From the records below, transcribe exactly the lines that begin at the line with "XTRIKE ME FN818" and end at the line with "Happy Fathers Day", both included.
Exercise data Block Start
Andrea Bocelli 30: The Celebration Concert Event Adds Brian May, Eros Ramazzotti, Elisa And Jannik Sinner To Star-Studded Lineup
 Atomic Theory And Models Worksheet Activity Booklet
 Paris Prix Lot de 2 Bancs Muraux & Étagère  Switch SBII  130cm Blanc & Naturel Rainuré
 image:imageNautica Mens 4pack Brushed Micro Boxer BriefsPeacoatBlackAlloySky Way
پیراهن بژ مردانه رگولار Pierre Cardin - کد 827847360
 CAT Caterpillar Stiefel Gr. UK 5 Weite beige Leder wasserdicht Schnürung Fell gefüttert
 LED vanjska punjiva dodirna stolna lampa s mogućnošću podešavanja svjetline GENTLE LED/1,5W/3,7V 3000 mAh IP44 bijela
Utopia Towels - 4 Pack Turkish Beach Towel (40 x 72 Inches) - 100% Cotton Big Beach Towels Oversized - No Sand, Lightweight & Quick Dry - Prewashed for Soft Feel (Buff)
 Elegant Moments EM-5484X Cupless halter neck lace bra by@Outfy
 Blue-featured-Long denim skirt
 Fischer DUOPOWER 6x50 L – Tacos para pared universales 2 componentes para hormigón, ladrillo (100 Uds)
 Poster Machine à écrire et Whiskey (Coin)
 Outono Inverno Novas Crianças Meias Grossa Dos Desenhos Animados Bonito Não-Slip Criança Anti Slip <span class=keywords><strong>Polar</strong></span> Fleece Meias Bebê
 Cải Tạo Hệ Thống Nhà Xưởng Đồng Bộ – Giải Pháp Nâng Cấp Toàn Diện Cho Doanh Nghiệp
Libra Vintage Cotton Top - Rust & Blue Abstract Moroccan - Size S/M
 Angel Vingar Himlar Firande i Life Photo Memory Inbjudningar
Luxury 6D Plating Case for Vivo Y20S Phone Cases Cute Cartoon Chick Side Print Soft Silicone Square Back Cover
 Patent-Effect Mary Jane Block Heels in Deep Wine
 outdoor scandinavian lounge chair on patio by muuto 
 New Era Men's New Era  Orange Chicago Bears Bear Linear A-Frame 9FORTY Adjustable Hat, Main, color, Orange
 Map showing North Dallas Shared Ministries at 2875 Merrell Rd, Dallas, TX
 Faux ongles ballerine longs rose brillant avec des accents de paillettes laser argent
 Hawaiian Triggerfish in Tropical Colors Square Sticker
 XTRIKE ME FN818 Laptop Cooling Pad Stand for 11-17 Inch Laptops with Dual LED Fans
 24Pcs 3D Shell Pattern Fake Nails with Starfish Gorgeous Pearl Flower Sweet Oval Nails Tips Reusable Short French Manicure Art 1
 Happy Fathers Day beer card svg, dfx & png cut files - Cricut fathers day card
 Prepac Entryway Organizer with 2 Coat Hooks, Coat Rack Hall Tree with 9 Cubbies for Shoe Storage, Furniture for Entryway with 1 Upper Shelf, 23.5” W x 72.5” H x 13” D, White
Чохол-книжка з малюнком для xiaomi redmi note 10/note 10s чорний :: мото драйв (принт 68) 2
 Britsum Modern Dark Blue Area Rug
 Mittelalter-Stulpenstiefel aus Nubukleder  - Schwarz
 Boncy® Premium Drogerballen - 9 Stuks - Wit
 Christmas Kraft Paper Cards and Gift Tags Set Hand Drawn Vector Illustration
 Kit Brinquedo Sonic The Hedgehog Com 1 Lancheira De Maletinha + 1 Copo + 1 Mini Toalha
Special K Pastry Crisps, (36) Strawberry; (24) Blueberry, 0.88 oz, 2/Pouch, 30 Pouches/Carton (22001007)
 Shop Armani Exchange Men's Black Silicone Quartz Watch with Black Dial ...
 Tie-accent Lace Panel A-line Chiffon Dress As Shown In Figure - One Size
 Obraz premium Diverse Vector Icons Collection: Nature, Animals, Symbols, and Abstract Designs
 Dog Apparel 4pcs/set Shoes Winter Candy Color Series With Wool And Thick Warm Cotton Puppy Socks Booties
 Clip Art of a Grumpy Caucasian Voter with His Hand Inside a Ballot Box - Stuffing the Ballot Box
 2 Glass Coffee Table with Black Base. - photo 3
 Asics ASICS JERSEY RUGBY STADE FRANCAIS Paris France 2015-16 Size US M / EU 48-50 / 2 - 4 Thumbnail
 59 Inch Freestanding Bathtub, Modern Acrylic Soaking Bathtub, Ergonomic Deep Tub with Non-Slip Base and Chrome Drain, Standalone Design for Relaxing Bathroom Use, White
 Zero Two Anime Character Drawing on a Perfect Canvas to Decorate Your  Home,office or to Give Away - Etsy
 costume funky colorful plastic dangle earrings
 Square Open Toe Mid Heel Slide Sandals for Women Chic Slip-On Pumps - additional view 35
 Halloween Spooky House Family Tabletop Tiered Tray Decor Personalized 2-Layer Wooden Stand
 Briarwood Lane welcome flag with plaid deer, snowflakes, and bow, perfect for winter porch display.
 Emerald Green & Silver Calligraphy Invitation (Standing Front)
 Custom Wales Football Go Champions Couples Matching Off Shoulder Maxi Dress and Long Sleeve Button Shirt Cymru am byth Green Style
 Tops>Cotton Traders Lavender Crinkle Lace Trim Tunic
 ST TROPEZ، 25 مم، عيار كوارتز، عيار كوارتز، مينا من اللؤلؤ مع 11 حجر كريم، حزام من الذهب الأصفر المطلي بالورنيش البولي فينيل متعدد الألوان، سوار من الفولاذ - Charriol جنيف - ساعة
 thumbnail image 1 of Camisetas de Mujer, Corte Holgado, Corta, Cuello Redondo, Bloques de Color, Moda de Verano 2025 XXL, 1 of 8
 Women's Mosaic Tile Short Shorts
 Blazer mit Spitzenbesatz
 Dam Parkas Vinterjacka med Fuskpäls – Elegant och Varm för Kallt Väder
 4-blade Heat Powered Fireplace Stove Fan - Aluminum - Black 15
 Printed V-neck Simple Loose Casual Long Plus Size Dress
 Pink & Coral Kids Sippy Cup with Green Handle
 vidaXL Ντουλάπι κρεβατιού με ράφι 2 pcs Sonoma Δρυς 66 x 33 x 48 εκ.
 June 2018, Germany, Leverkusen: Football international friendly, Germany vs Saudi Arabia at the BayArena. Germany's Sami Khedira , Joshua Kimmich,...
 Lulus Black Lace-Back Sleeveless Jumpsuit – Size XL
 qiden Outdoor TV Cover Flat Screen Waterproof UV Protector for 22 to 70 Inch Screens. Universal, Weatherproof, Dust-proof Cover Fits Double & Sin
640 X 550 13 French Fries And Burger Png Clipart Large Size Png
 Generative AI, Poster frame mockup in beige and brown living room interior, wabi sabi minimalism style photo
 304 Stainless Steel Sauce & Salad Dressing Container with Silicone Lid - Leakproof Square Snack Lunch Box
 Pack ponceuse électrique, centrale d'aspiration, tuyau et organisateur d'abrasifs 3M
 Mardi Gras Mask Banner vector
Exercise data Block End
Solution for this task »
 XTRIKE ME FN818 Laptop Cooling Pad Stand for 11-17 Inch Laptops with Dual LED Fans
 24Pcs 3D Shell Pattern Fake Nails with Starfish Gorgeous Pearl Flower Sweet Oval Nails Tips Reusable Short French Manicure Art 1
 Happy Fathers Day beer card svg, dfx & png cut files - Cricut fathers day card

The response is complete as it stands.